#### EXERCISE DIRECTIONS:
What you return should be the lines from the one with "Load image into" through the one with "IA license plate DDN103" in the data below, reproduced exactly with both ends, and no pictures at all.

#### DATASET ENTRIES:
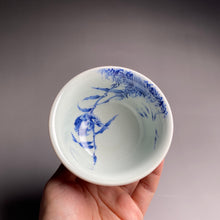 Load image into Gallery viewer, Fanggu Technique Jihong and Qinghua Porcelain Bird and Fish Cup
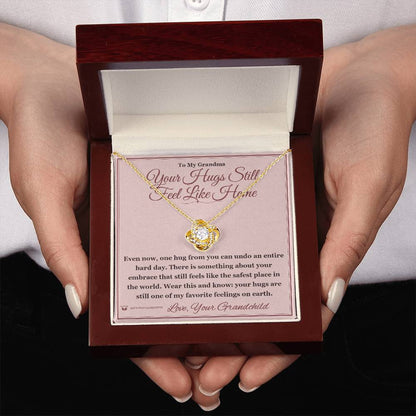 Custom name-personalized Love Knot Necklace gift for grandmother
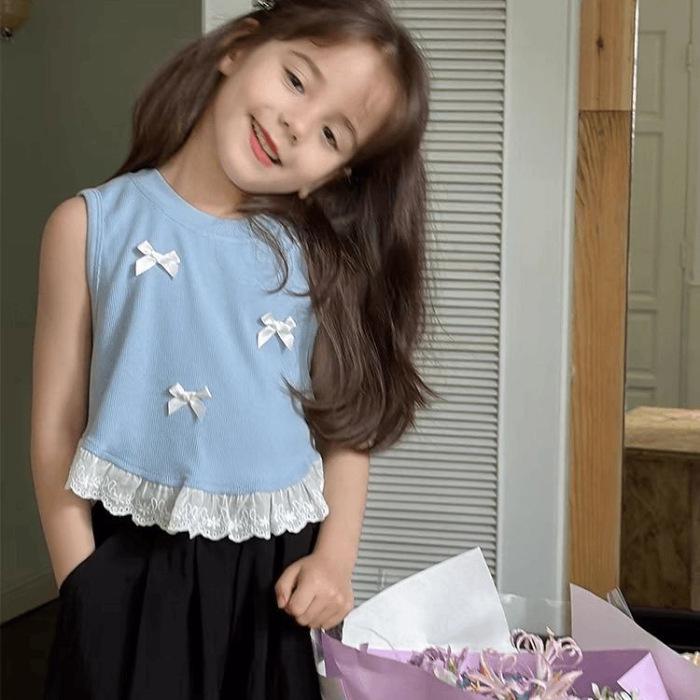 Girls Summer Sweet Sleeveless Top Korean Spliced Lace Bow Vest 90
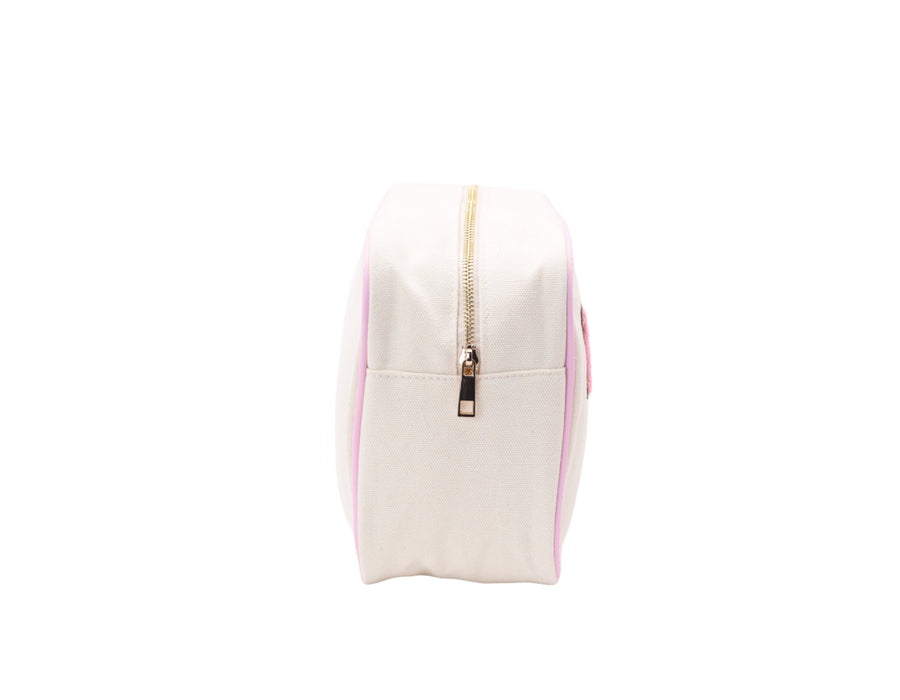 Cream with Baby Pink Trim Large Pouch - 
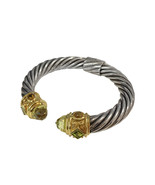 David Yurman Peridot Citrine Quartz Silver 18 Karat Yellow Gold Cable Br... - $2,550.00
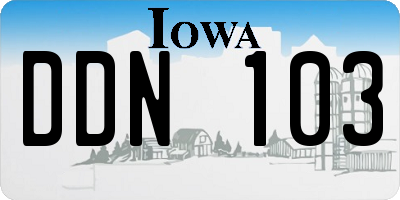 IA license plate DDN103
==
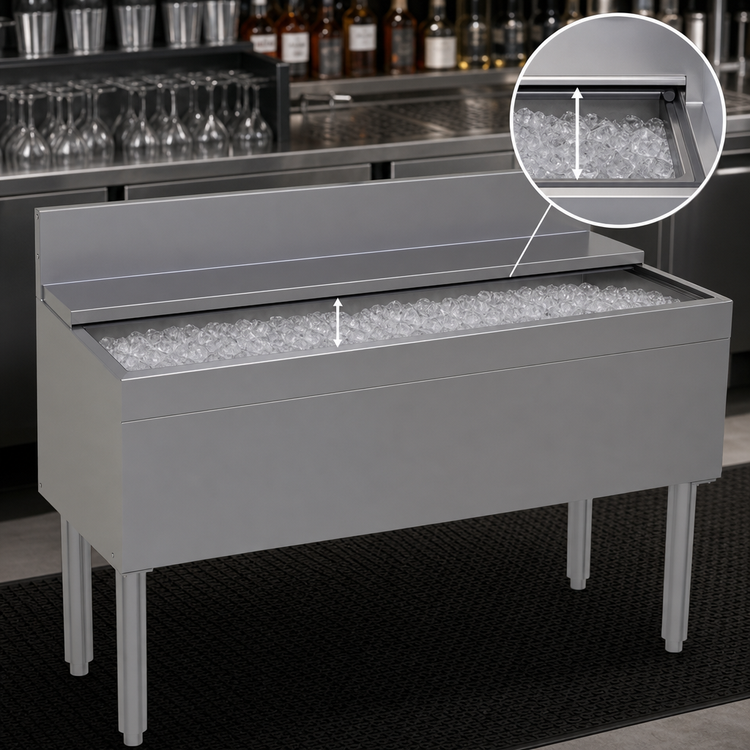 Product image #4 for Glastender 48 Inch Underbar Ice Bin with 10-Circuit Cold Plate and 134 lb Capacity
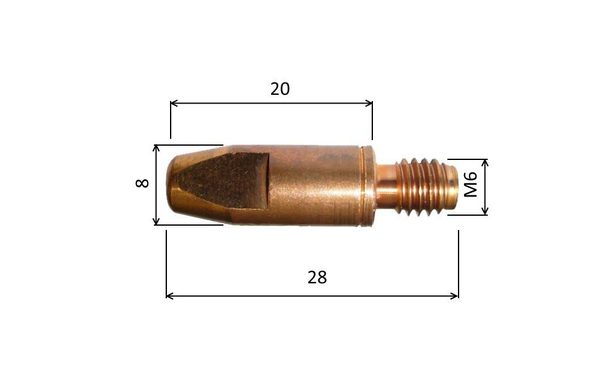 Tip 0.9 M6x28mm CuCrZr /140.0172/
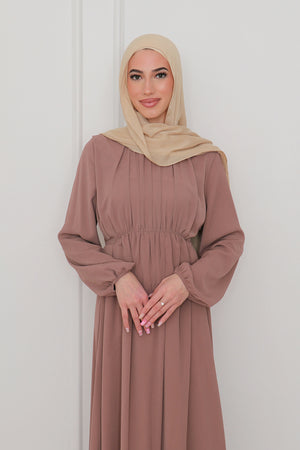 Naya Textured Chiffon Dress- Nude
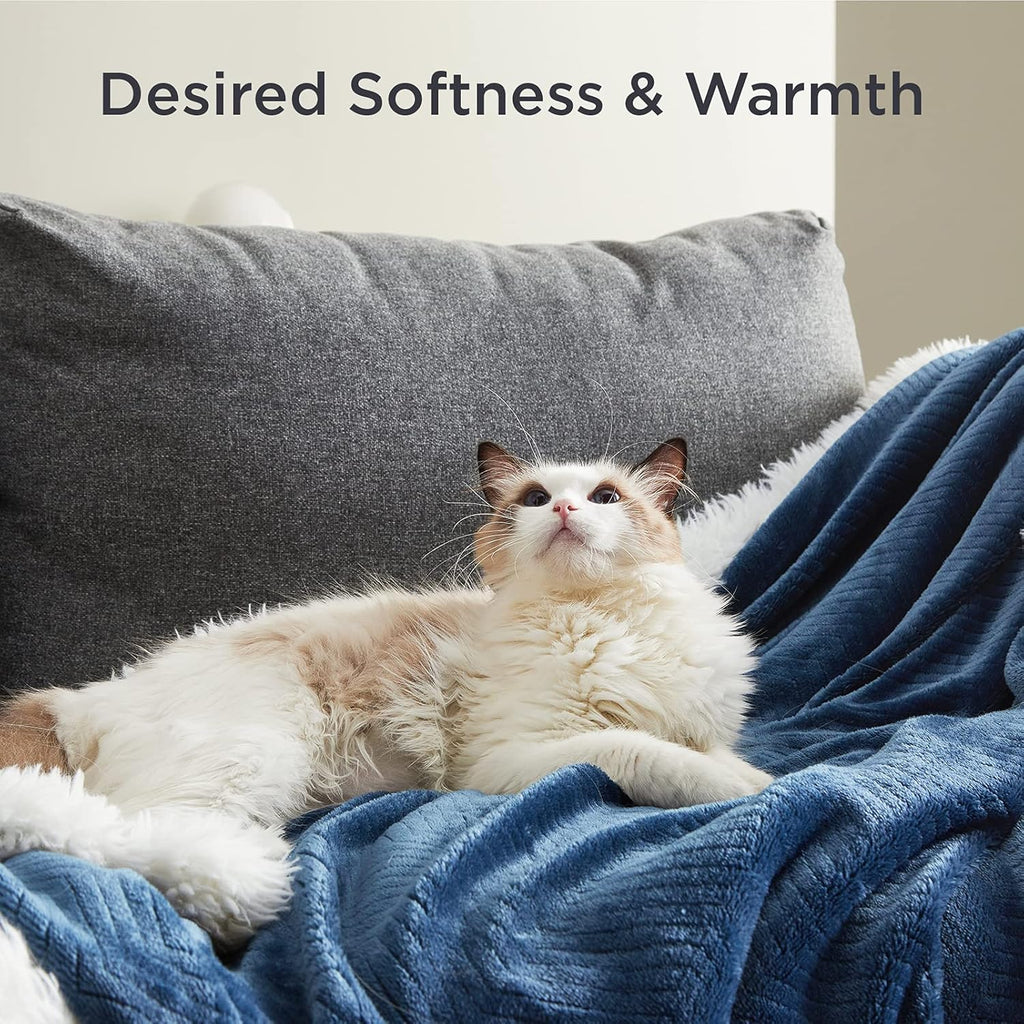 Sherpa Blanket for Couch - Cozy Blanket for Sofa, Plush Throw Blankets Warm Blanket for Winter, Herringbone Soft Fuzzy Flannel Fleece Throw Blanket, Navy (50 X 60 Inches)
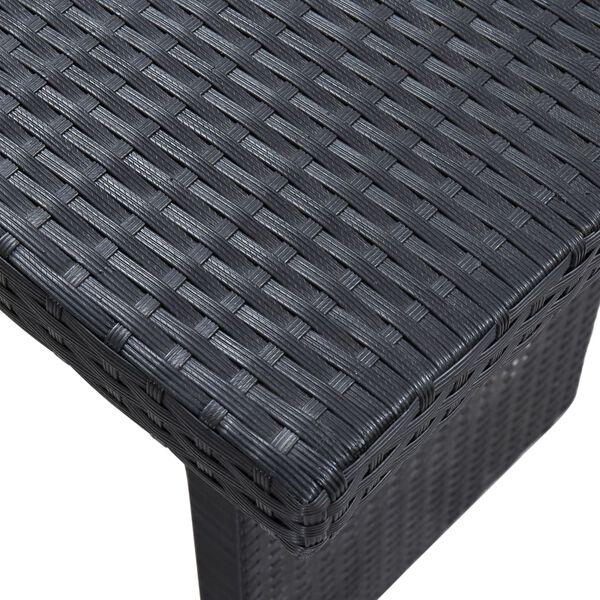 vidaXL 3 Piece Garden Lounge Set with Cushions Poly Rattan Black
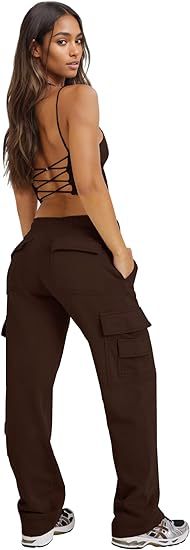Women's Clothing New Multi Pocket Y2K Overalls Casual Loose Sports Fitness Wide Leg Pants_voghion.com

#### WRITTEN SOLUTION:
 Load image into Gallery viewer, Fanggu Technique Jihong and Qinghua Porcelain Bird and Fish Cup
 Custom name-personalized Love Knot Necklace gift for grandmother
 Girls Summer Sweet Sleeveless Top Korean Spliced Lace Bow Vest 90
 Cream with Baby Pink Trim Large Pouch - 
 David Yurman Peridot Citrine Quartz Silver 18 Karat Yellow Gold Cable Br... - $2,550.00
 IA license plate DDN103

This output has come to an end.